1.2.1 Zero-, One-, and Two/Three- Address Architecture
The major difference between 0-, 1-, and 2/3- address computer architectures is where the operands for the ALU come from. This section will outline each of these architectures.
Note that in all of these architectures, operands can come from registers/memory, or operands can be part of the instruction itself. For example, the value used in the instruction add A
in a one-address computer comes from memory cell at an address corresponding to the label A
, and the instruction adds the value in memory location A
to the $ac
. In the instruction addi
5 the value of the operand is included in the instruction, and is referred to as an immediate value.

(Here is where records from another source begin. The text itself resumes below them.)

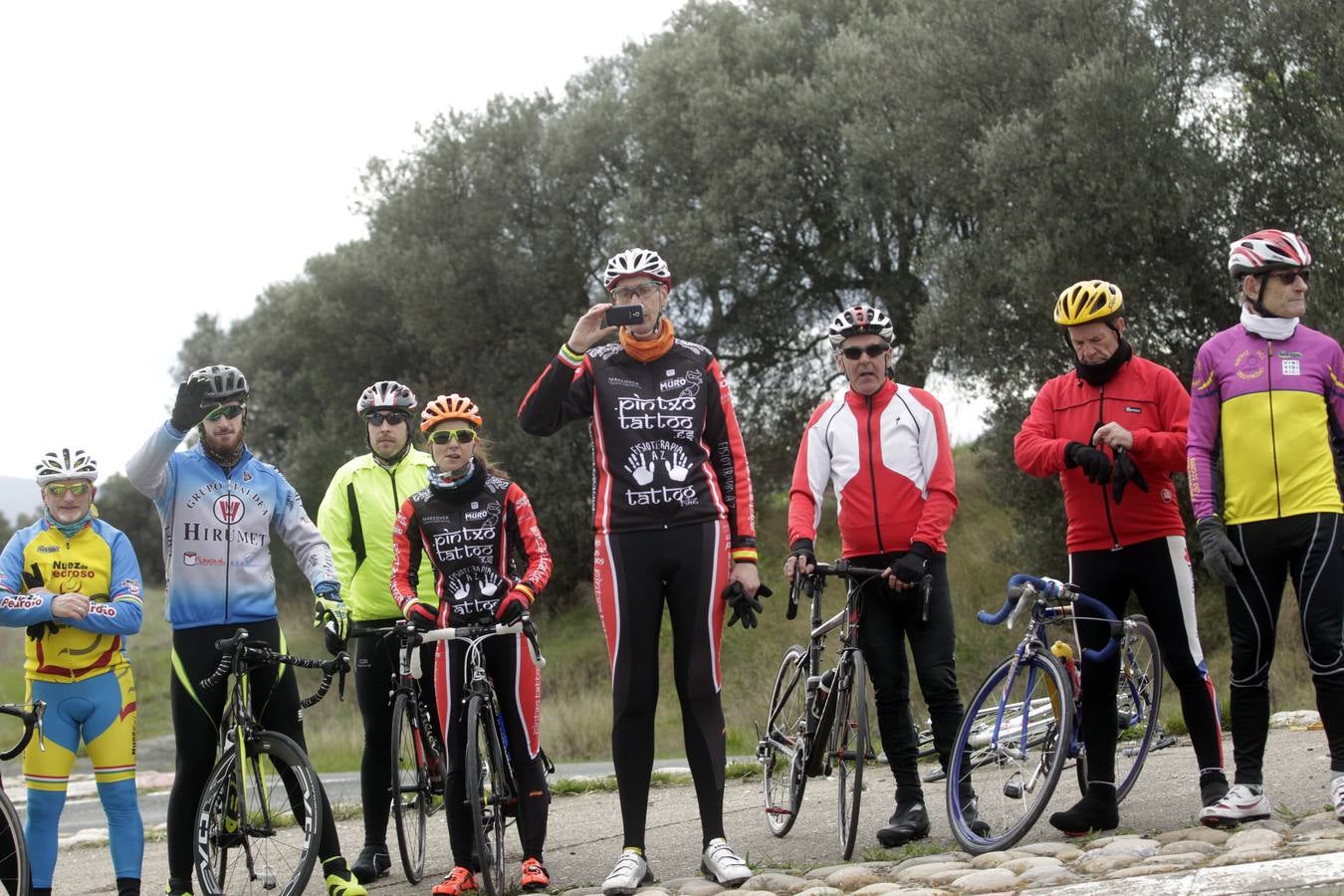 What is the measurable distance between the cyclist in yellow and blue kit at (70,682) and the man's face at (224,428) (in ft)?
2.72

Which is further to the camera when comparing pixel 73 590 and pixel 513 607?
pixel 73 590

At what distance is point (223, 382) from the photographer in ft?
22.0

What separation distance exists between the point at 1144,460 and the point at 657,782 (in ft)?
17.1

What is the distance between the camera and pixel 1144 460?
654cm

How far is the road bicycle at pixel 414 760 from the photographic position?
24.9 ft

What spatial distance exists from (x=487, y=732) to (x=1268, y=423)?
12.2 feet

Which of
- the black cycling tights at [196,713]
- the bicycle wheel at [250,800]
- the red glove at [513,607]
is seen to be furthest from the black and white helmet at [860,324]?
the bicycle wheel at [250,800]

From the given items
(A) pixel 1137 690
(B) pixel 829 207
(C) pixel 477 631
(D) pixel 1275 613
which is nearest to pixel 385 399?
(C) pixel 477 631

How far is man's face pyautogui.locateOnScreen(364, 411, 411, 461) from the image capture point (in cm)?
821

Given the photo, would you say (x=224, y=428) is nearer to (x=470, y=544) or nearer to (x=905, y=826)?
(x=470, y=544)

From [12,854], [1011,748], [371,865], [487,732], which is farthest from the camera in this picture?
[371,865]

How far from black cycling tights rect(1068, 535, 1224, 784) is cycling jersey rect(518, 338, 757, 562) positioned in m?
1.59

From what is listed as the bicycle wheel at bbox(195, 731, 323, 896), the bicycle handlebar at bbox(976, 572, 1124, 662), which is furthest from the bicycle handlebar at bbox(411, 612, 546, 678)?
the bicycle handlebar at bbox(976, 572, 1124, 662)

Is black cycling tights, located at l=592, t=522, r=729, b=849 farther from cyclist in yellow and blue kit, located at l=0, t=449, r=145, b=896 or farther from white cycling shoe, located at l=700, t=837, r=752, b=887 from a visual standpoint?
cyclist in yellow and blue kit, located at l=0, t=449, r=145, b=896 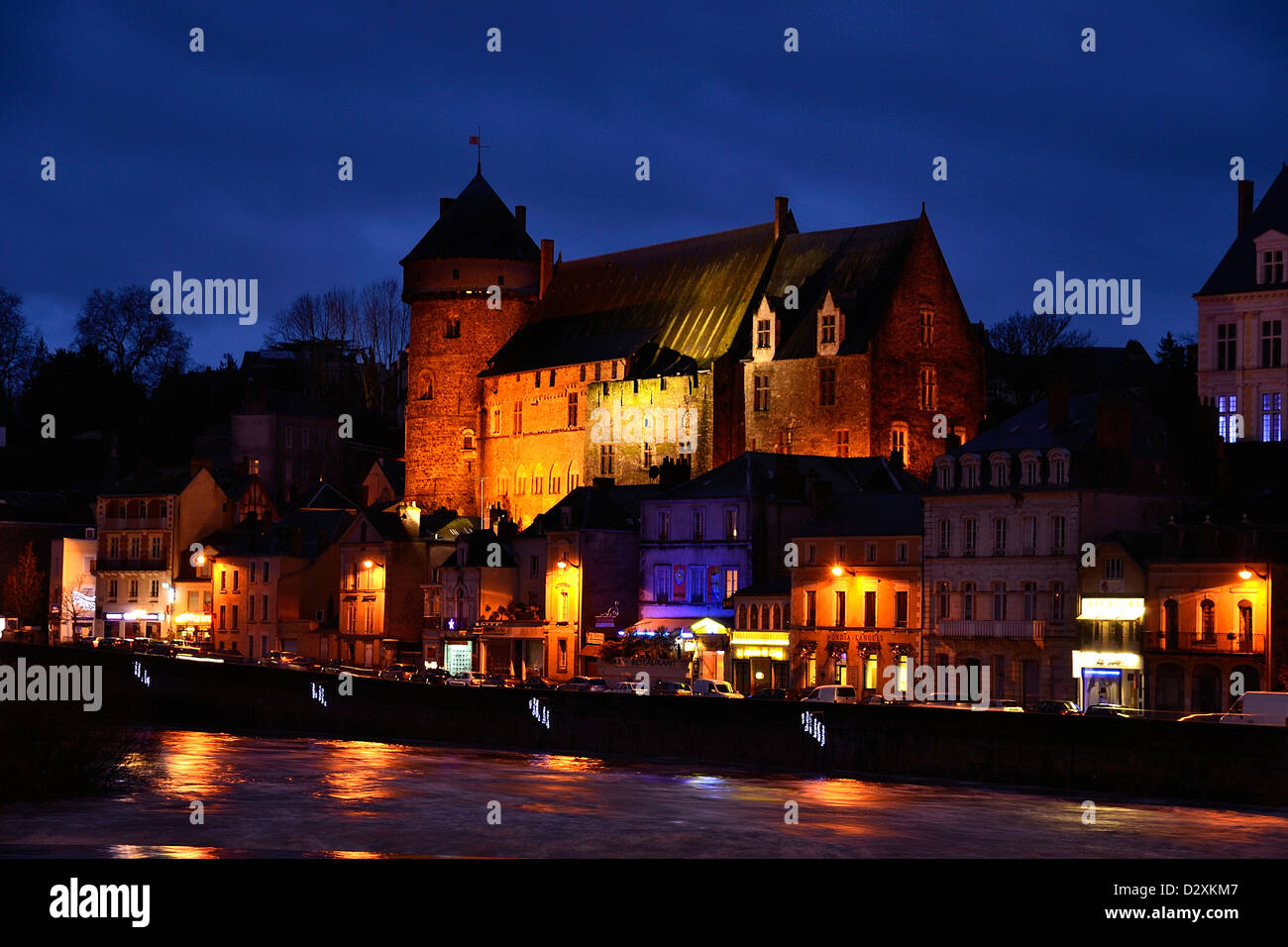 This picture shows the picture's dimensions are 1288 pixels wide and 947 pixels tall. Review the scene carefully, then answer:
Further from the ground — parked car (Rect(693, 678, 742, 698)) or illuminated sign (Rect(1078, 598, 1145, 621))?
illuminated sign (Rect(1078, 598, 1145, 621))

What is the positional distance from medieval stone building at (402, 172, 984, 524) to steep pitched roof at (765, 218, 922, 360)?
0.08 m

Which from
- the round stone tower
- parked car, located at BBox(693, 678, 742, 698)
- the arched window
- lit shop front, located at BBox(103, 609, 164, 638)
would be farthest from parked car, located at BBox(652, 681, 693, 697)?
lit shop front, located at BBox(103, 609, 164, 638)

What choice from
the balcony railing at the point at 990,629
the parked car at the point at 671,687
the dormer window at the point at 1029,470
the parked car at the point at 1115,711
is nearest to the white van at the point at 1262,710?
the parked car at the point at 1115,711

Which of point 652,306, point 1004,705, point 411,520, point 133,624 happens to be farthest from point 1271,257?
point 133,624

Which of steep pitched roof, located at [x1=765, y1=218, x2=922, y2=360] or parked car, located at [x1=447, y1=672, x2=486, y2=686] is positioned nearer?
parked car, located at [x1=447, y1=672, x2=486, y2=686]

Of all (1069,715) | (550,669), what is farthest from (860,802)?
(550,669)

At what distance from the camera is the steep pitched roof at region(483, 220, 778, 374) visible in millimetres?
85312

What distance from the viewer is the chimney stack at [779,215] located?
8719 cm

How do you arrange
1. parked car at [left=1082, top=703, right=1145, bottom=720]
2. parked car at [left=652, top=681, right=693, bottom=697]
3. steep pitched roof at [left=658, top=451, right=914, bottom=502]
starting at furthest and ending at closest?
steep pitched roof at [left=658, top=451, right=914, bottom=502], parked car at [left=652, top=681, right=693, bottom=697], parked car at [left=1082, top=703, right=1145, bottom=720]

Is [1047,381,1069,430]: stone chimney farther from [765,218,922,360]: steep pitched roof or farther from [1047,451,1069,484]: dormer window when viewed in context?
[765,218,922,360]: steep pitched roof

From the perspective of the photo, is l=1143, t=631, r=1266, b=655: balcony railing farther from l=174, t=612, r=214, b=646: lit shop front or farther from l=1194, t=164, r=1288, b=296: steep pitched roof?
l=174, t=612, r=214, b=646: lit shop front

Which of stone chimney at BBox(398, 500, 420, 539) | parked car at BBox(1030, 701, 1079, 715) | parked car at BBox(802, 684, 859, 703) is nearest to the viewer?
parked car at BBox(1030, 701, 1079, 715)

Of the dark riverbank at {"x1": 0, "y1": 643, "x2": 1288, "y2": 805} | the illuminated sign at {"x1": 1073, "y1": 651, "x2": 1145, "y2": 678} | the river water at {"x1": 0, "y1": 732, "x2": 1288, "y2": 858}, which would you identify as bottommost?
the river water at {"x1": 0, "y1": 732, "x2": 1288, "y2": 858} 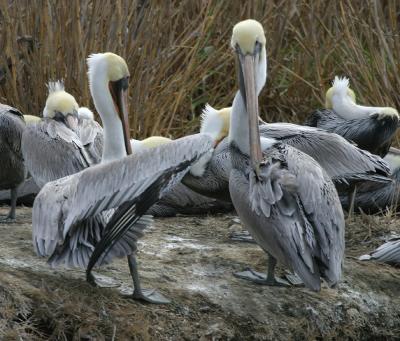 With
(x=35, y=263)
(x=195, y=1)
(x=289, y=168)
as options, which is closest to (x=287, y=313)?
(x=289, y=168)

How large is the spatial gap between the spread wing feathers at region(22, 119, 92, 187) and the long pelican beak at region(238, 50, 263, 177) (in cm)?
106

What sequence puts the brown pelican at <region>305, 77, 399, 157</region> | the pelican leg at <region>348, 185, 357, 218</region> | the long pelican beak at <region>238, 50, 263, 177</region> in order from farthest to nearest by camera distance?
the brown pelican at <region>305, 77, 399, 157</region>, the pelican leg at <region>348, 185, 357, 218</region>, the long pelican beak at <region>238, 50, 263, 177</region>

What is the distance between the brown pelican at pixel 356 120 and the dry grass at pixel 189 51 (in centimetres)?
35

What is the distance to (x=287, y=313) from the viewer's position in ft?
16.3

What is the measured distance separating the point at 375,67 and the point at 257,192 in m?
3.47

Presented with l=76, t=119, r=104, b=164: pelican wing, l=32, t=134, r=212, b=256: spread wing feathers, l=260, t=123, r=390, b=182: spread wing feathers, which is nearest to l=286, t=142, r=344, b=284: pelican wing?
l=32, t=134, r=212, b=256: spread wing feathers

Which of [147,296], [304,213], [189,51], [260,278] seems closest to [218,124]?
[189,51]

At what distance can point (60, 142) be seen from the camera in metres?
5.97

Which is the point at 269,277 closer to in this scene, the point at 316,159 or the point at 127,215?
the point at 127,215

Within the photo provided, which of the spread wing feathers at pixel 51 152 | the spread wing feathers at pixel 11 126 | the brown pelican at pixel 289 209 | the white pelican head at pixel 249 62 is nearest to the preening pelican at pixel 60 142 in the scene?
the spread wing feathers at pixel 51 152

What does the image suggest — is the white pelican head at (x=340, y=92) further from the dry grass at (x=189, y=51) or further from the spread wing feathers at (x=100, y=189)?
the spread wing feathers at (x=100, y=189)

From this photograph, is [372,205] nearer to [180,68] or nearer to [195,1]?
[180,68]

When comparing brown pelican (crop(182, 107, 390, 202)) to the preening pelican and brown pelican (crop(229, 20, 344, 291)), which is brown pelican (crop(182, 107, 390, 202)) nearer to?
the preening pelican

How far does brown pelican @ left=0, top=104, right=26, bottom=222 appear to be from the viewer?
247 inches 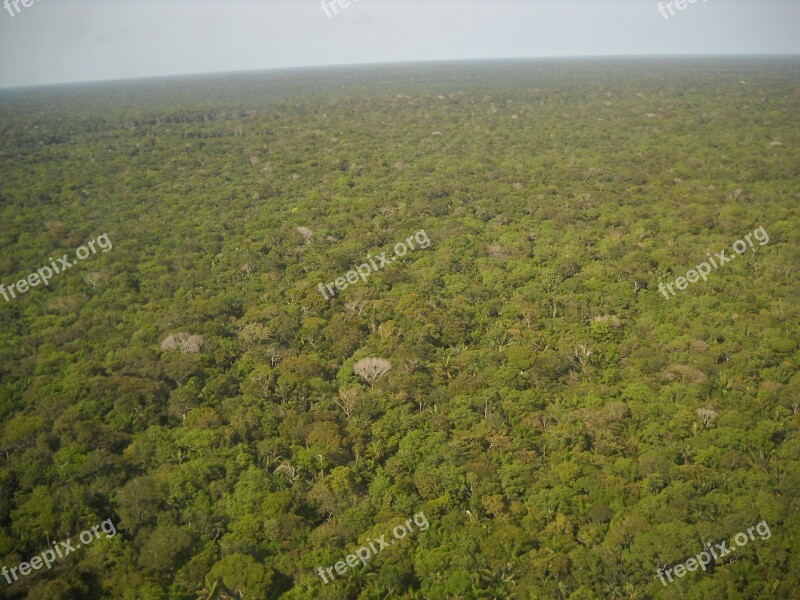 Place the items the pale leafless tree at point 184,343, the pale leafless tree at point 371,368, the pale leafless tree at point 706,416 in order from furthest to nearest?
the pale leafless tree at point 184,343 → the pale leafless tree at point 371,368 → the pale leafless tree at point 706,416

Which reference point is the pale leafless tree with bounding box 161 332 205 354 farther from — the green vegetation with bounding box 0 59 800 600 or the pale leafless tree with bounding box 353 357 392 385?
the pale leafless tree with bounding box 353 357 392 385

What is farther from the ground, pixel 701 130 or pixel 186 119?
pixel 186 119

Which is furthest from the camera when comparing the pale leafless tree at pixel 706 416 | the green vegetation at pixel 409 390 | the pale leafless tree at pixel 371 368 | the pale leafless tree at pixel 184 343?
the pale leafless tree at pixel 184 343

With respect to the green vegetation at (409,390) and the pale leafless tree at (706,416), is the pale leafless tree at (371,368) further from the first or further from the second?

In this series of monographs operators that use an immediate value will be appended with an “i”. For example, as shown above, the add instruction uses a memory value, and the addi
uses an immediate value.
1.2.1.1 0-Address Architecture
When discussing the address architecture of a computer, the central question is how are the arguments to the ALU retrieved, and where are the results from the ALU stored? A 0-adress architecture retrieves (pops) the two arguments from the top of an operand stack, performs the operation, and then stores (pushes) the result back on the operand stack. The two operands to the ALU are implied as the two operands on the top of the stack, and the operation, in this case add, does not specify any operands. Because the operator does not take any explicit operands, 0 addresses are included as part of the operation and this is called a 0-address architecture. Note that a 0-address architecture is often referred to as a stack architecture because it uses a stack for the operands to/from the ALU.
When writing assembly code to for this architecture, the operands are first pushed onto the stack (from memory or immediate values) using two push operations. The operation is executed, which consists of popping the two operands off the stack, running the ALU, and pushing the result back to the stack. The answer is then stored to memory by using a pop operation. The following program, which adds the value of variable A and value 5, then stores the result back to variable B, illustrates a simple 0-address program.
Program 1-1: 0-address program to add two numbers PUSH A PUSHI 5 ADD POP B
Historically there have been computers implemented using 0-address architectures, such as the Burroughs 6500 and 7500 series, but it is seldom if ever used in modern hardware architectures.
However, most modern languages running on Virtual Machines (VM), such as the Java Virtual Machine (JVM) or the .Net Common Language Runtime (CLR), implement 0-address, or stack, architectures.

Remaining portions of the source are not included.